To stop this tragedy, we ask you to urge the Duque Administration to:

 

  • Improve protection of human rights defenders and social leaders, starting with effective investigations of attacks and threats against them, identifying those who ordered these crimes and publicly presenting the outcomes of these investigation.

 

  • Develop a road map for protection in consultation with defenders in the guarantees working group, including for pandemic-related challenges such as the need for personal protective equipment.

 

  • Fund and implement collective protection measures with differentiated ethnic and gender approaches in consultation with communities through the National Protection Unit. Collective measures agreed to with Afro-descendant and indigenous communities’ authorities must be guaranteed. The self-protection mechanisms of the San José de Apartadó peace community and similar humanitarian zones should be respected, including the support provided by international accompaniers, even during the pandemic.

 

  • Dismantle the paramilitary successor networks involved in drug trafficking, which fuel much of the violence against human rights defenders and social leaders. The government must honor its commitment to regularly convene the National Commission of Security Guarantees, which was established by the accords to develop and implement plans to dismantle illegal groups and protect communities, social leaders, and ex-combatants.

 

  • Effectively investigate, prosecute, and present results about these paramilitary and criminal networks through the Attorney General’s special investigative unit. We welcome the new agreement between the Colombian Attorney General’s Office and the Office of the U.N. High Commissioner for Human Rights in Colombia to train prosecutors and investigators in aggressively addressing these human rights crimes.

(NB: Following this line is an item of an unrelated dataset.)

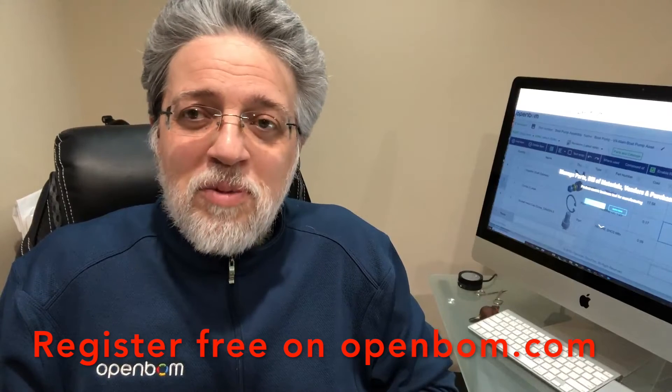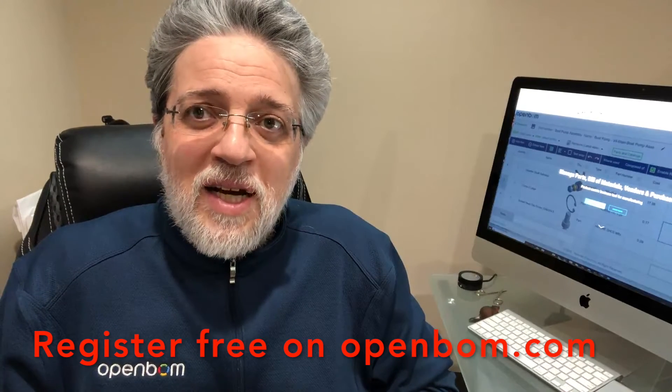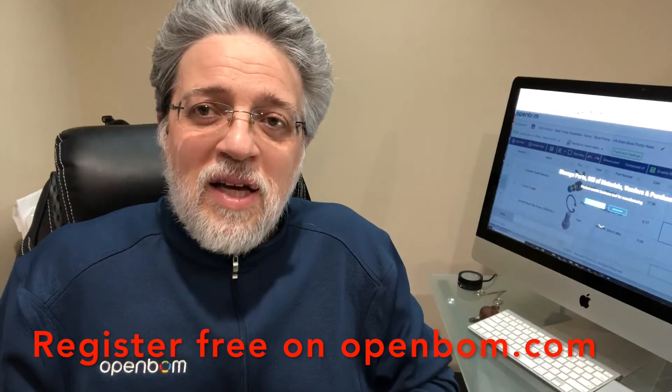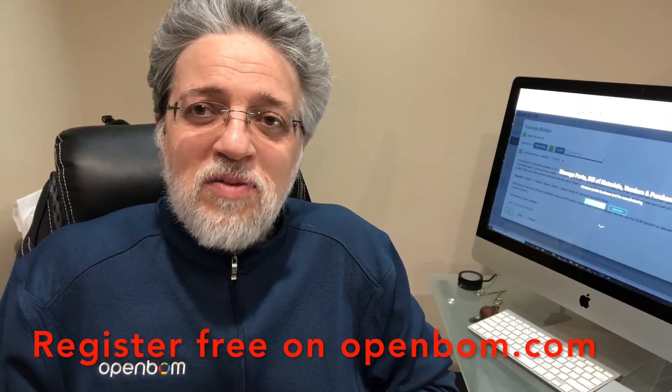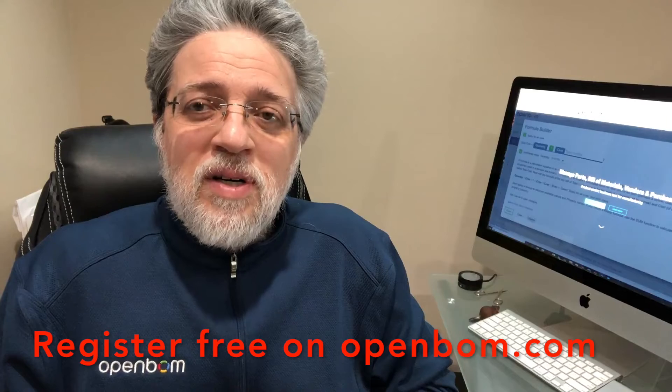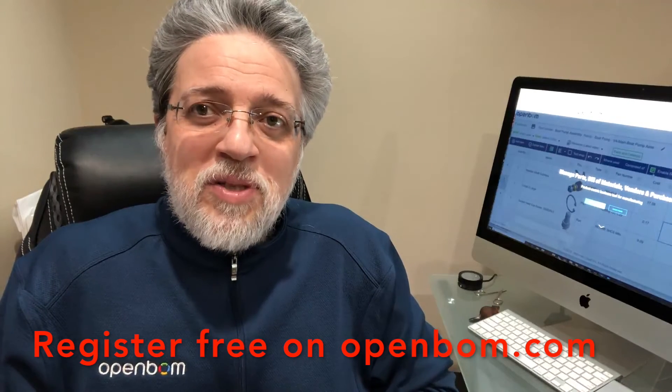I hope you'll like it and try it today. Go to openbom.com, create an account, and experience the great features of OpenBOM and how it can help engineers. Hope you have a great week, stay safe, and talk to you soon — bye bye.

It is critical the State end impunity in the murders, disappearances, assaults and threats against human rights defenders, social leaders, land rights and environmental activists, journalists, trade unionists and other defenders.

 

  • Swiftly hold accountable Colombian Army intelligence members, including at the highest ranks, who ordered and carried out mass surveillance on 130 journalists (including U.S. reporters), human rights defenders, political leaders, and military whistleblowers. The U.S. should also ensure that U.S. security and intelligence assistance does not assist, aid or abet such illegal surveillance, now or in the future.

 

  • Vigorously implement the peace accords, including by adequately funding the transitional justice system, fully implementing the Ethnic Chapter, delivering on commitments for protection for ex-combatants and productive projects to reintegrate them into civilian life, and honoring commitments for truth, justice, reparations, and guarantees of non-repetition for victims of the conflict.

 

We urge you, Mr. Secretary, to ensure that all agencies of the United States speak with one clear voice to condemn these ever-escalating murders and to press the Duque Administration to take the necessary steps to identify and prosecute the intellectual authors of these crimes and dismantle the criminal structures that protect them.

 

Finally, we urge you to continue to provide valuable U.S. assistance to Colombia to implement the peace accords, provide humanitarian assistance for Venezuelan refugees and refugee receiving communities, and address the health and food security crisis of the COVID-19 pandemic. The U.S. should also take advantage of opportunities provided by the peace accords to carry out sustainable and lasting eradication of illegal crops by working with communities to replace coca with legal livelihoods and dismantling trafficking networks.

 

Thank you for your attention to these important concerns in this difficult time.